EXERCISE DATA Block Start

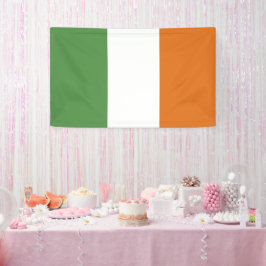 Lona Bandera de Irlanda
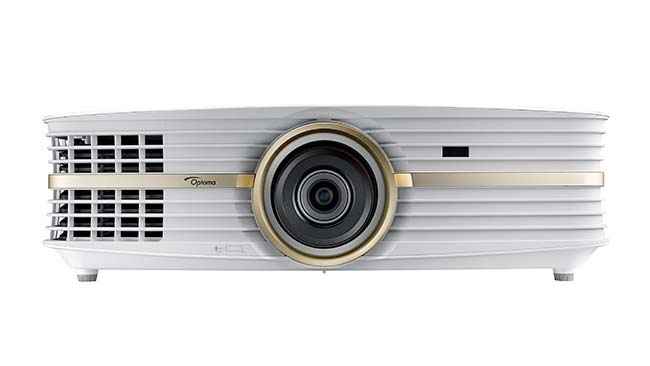 Optoma HD27 - Proyector DLP- 3200 Lumens- 1920x1080 -3D 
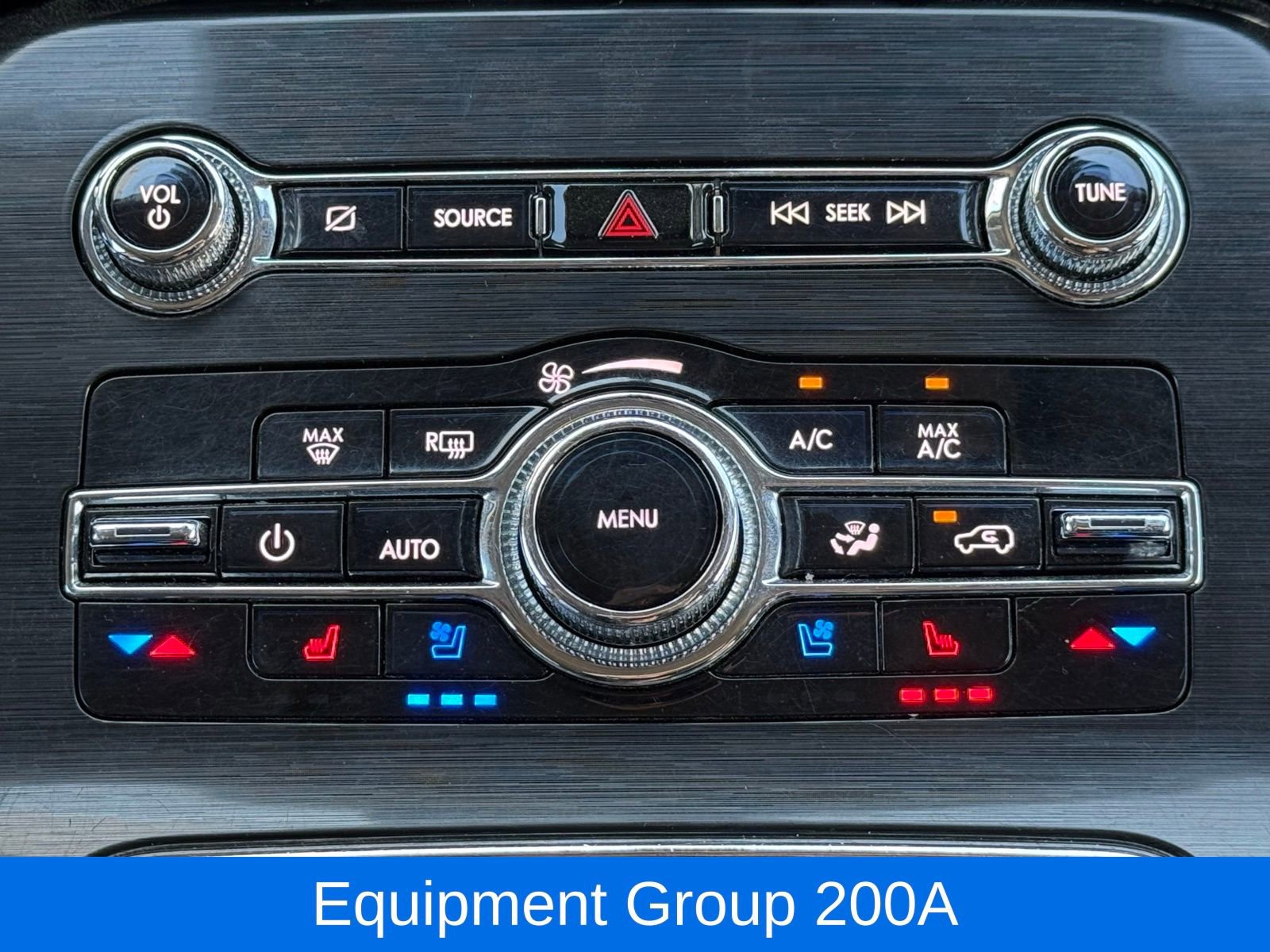 Used 2021 Lincoln Nautilus Reserve w/ Monochromatic Package image 31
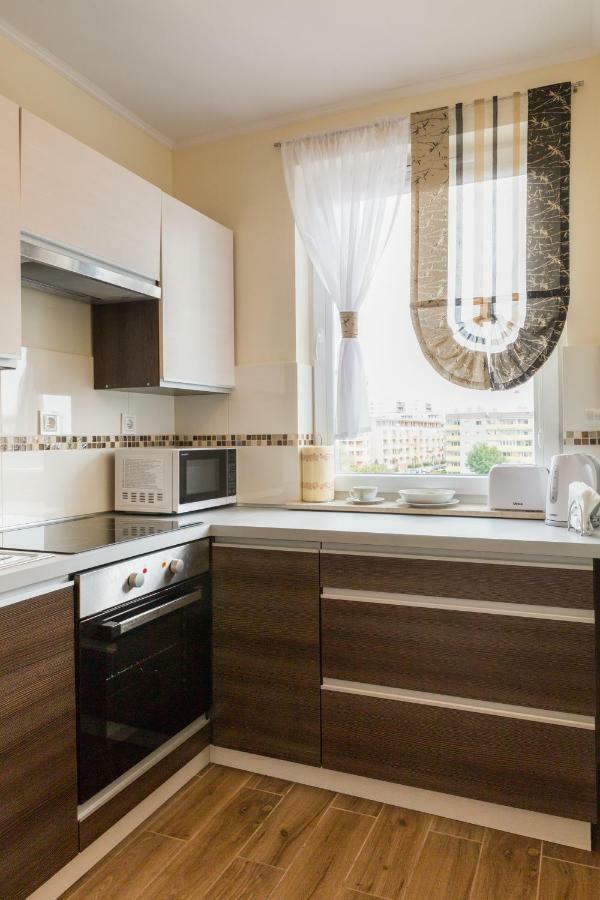 Apartment Glamour Downtown Balcony 크라쿠프 외부 사진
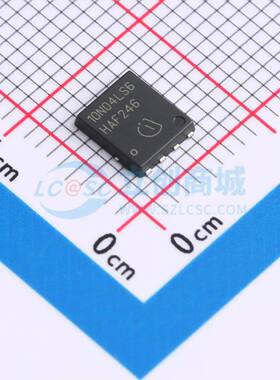 场效应管(MOSFET) BSC010N04LS6ATMA1 TDSON-8 原装正品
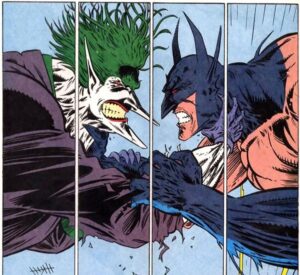 Batman Annual #16 by Alan Grant, John Wagner, Vincent Giarrano, & Adrienne Roy (1992)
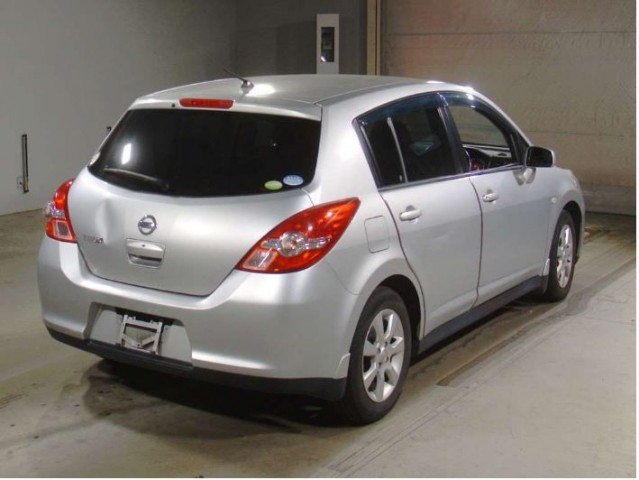 TIIDA G3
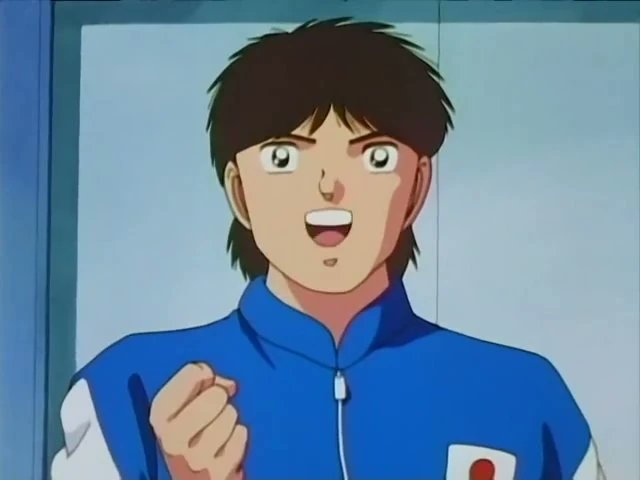 Captain Tsubasa tweet media
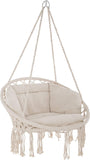 Outdoor Hanging Swing Chair Single or Double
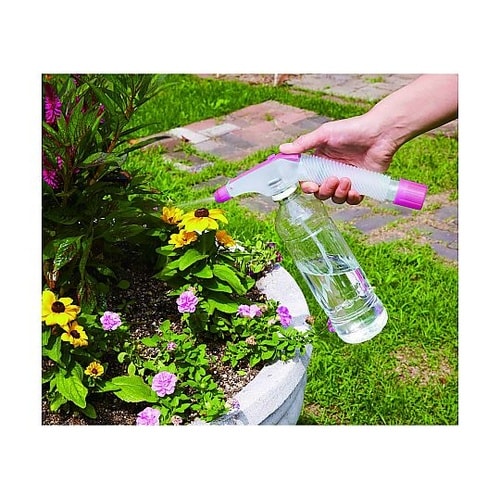 ペットボトル専用加圧式スプレーノズル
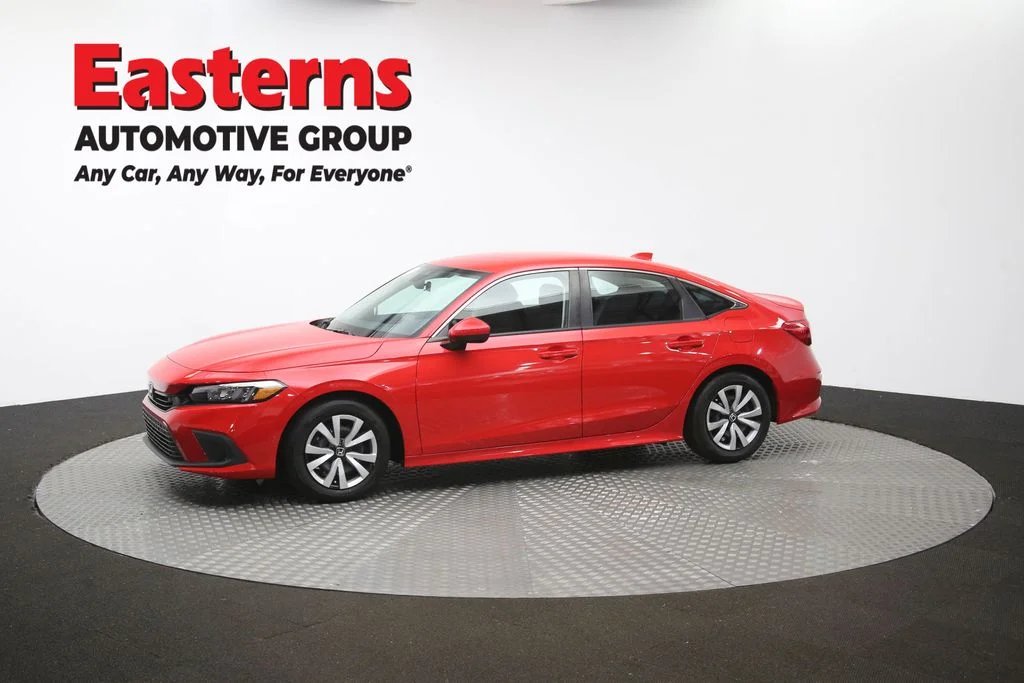 Used 2024 Red Honda LX image 56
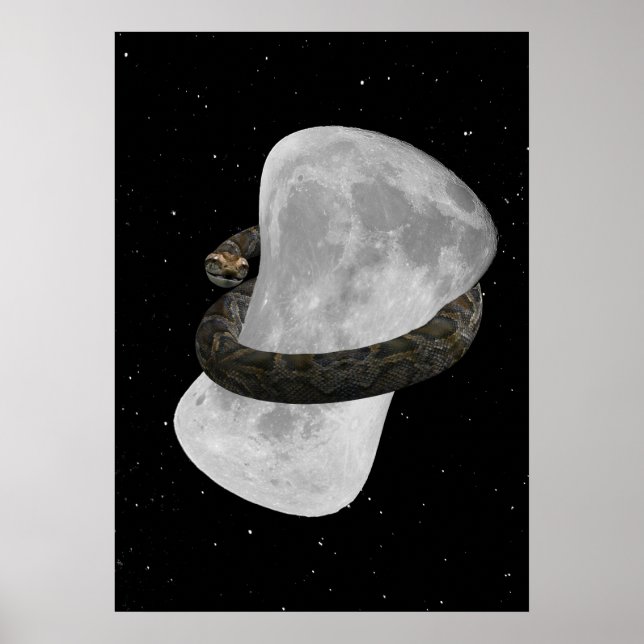 Póster Big Hug (Frente)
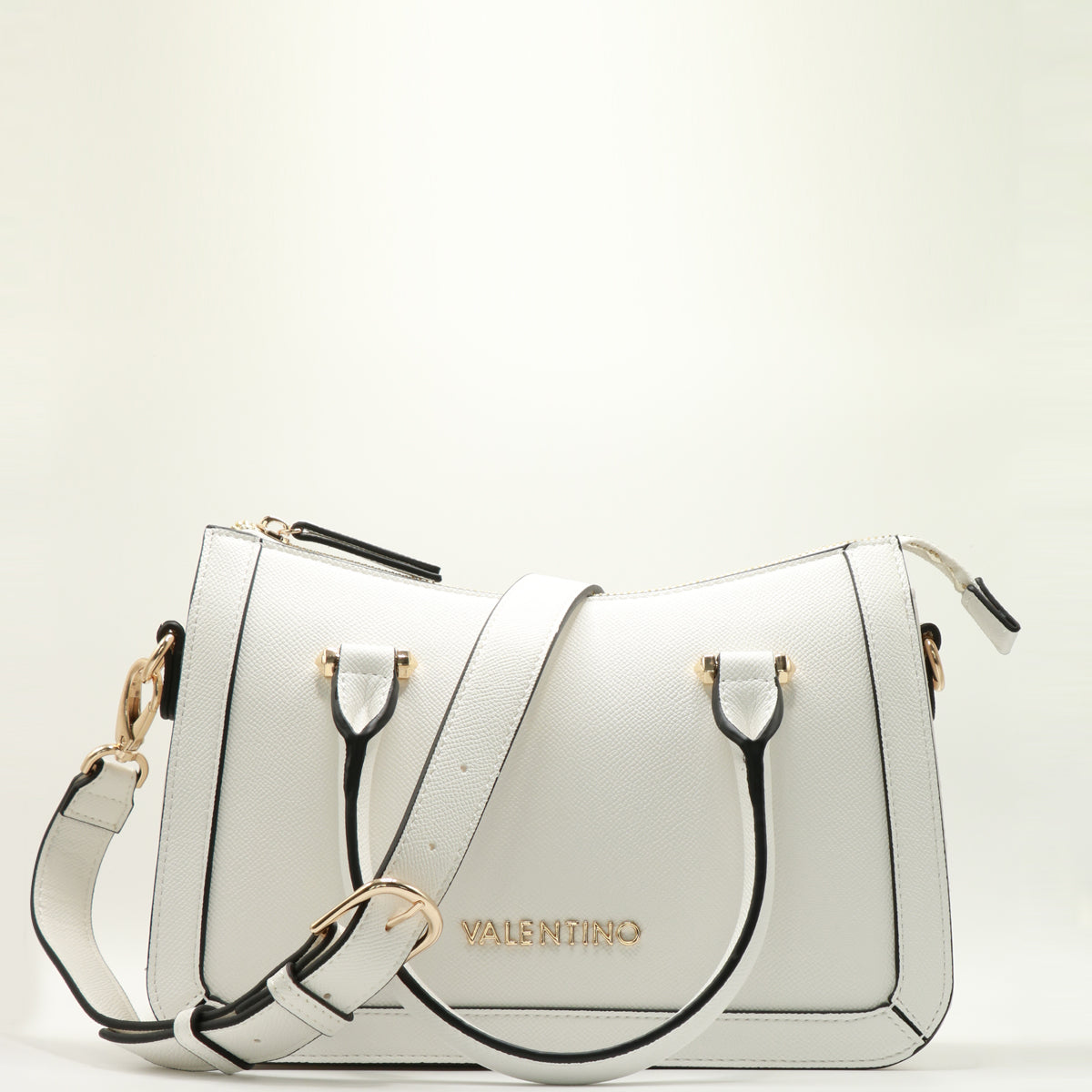 John Richmond Sneakers Leather Bianca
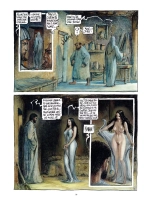 Judith & Holopherne  Thamara & Juda : page 70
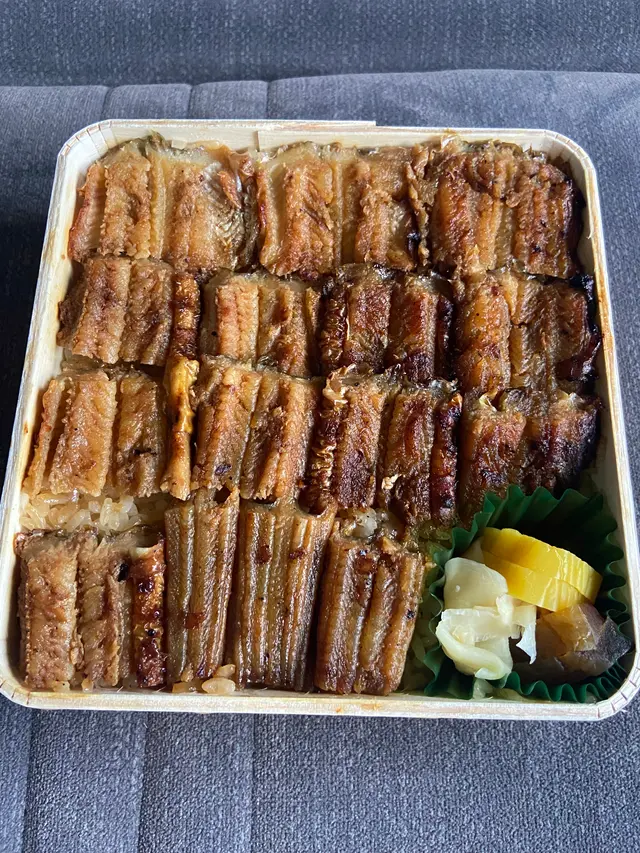 あなごめし うえの 宮島口本店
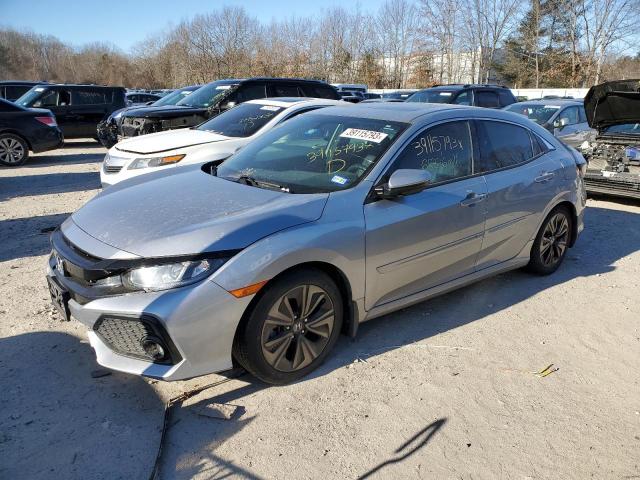 HONDA CIVIC EXL 2018 shhfk7h79ju218440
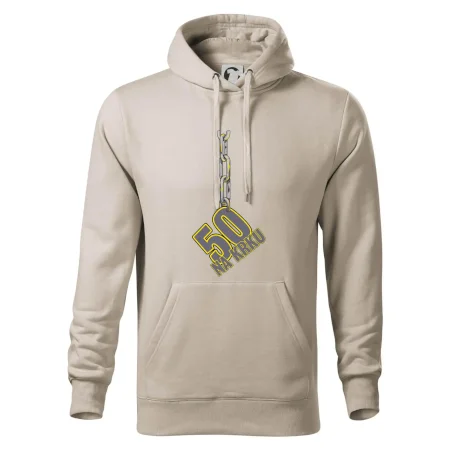 50 let na krku řetěz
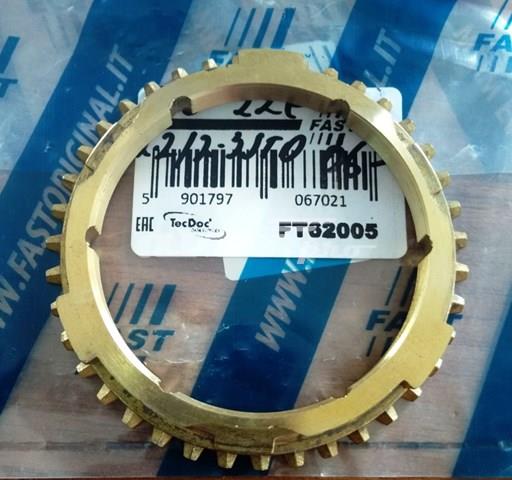 FAST FT62005 Кольцо синхронизатора в наличии Одесса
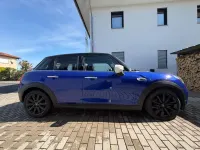 Używany Mini Cooper 136 KM (100 kW) 2019 Niebieski Hatchback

EXERCISE DATA Block End

- [PROBLEM REQUIREMENTS] Return each line above exactly; any pictures are to be skipped.

- [EXPECTED OUTPUT]
 Lona Bandera de Irlanda
 Optoma HD27 - Proyector DLP- 3200 Lumens- 1920x1080 -3D 
 Used 2021 Lincoln Nautilus Reserve w/ Monochromatic Package image 31
 Apartment Glamour Downtown Balcony 크라쿠프 외부 사진
 场效应管(MOSFET) BSC010N04LS6ATMA1 TDSON-8 原装正品
 Batman Annual #16 by Alan Grant, John Wagner, Vincent Giarrano, & Adrienne Roy (1992)
 TIIDA G3
 Captain Tsubasa tweet media
 Outdoor Hanging Swing Chair Single or Double
 ペットボトル専用加圧式スプレーノズル
 Used 2024 Red Honda LX image 56
 Póster Big Hug (Frente)
 John Richmond Sneakers Leather Bianca
 Judith & Holopherne  Thamara & Juda : page 70
 あなごめし うえの 宮島口本店
 HONDA CIVIC EXL 2018 shhfk7h79ju218440
 50 let na krku řetěz
 FAST FT62005 Кольцо синхронизатора в наличии Одесса
 Używany Mini Cooper 136 KM (100 kW) 2019 Niebieski Hatchback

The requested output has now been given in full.